## THE DATA

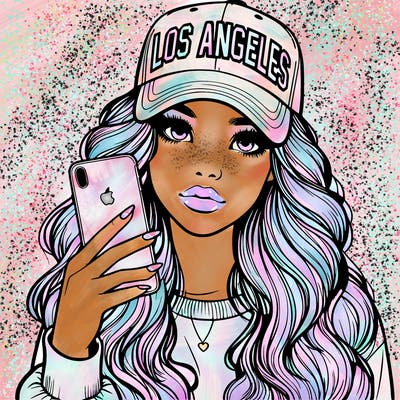 realistic beautiful girl wearing los ángeles cap holding an iphone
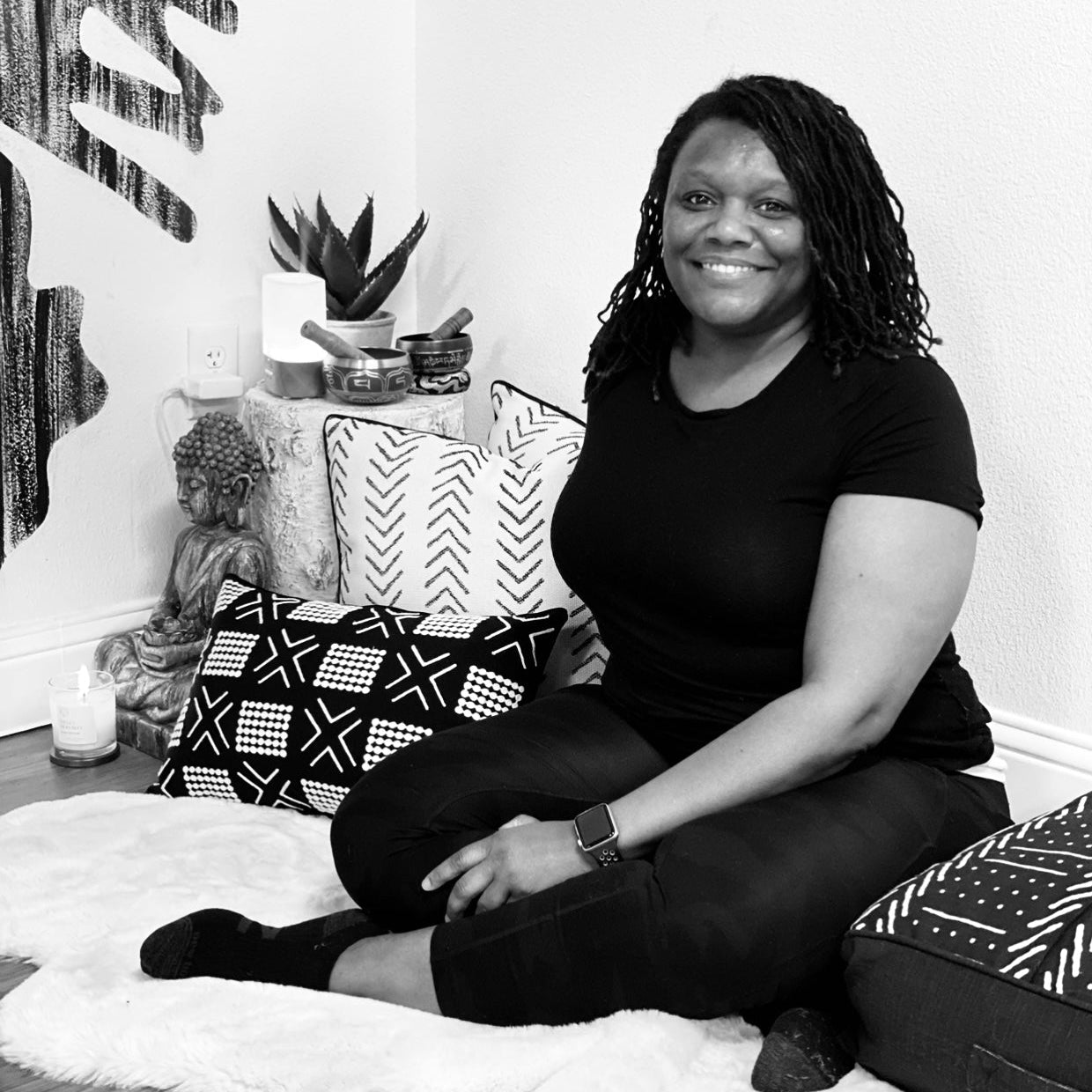 Taquisha Titus attending yoga at Enso Apothecary in DFW Metroplex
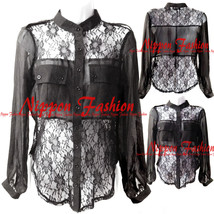 Lace Sheer Button Down Blouse Shirt Chiffon Party Long Sleeve Casual Eve... - $75.00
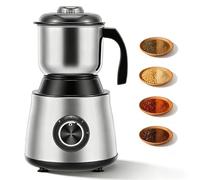 Electric Grinder for Kitchen, 500W Grain Mill with 3 Stainless Steel Blades, Versatile Spice Grinder for Coffee, Grinding Spices, Grains, Bean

## WHAT TO WORK ON
Only the pictures are to be dropped; the rest of the material above must be duplicated exactly.

## ANSWER FOR THE TASK
 realistic beautiful girl wearing los ángeles cap holding an iphone
 Taquisha Titus attending yoga at Enso Apothecary in DFW Metroplex
 Lace Sheer Button Down Blouse Shirt Chiffon Party Long Sleeve Casual Eve... - $75.00
 Electric Grinder for Kitchen, 500W Grain Mill with 3 Stainless Steel Blades, Versatile Spice Grinder for Coffee, Grinding Spices, Grains, Bean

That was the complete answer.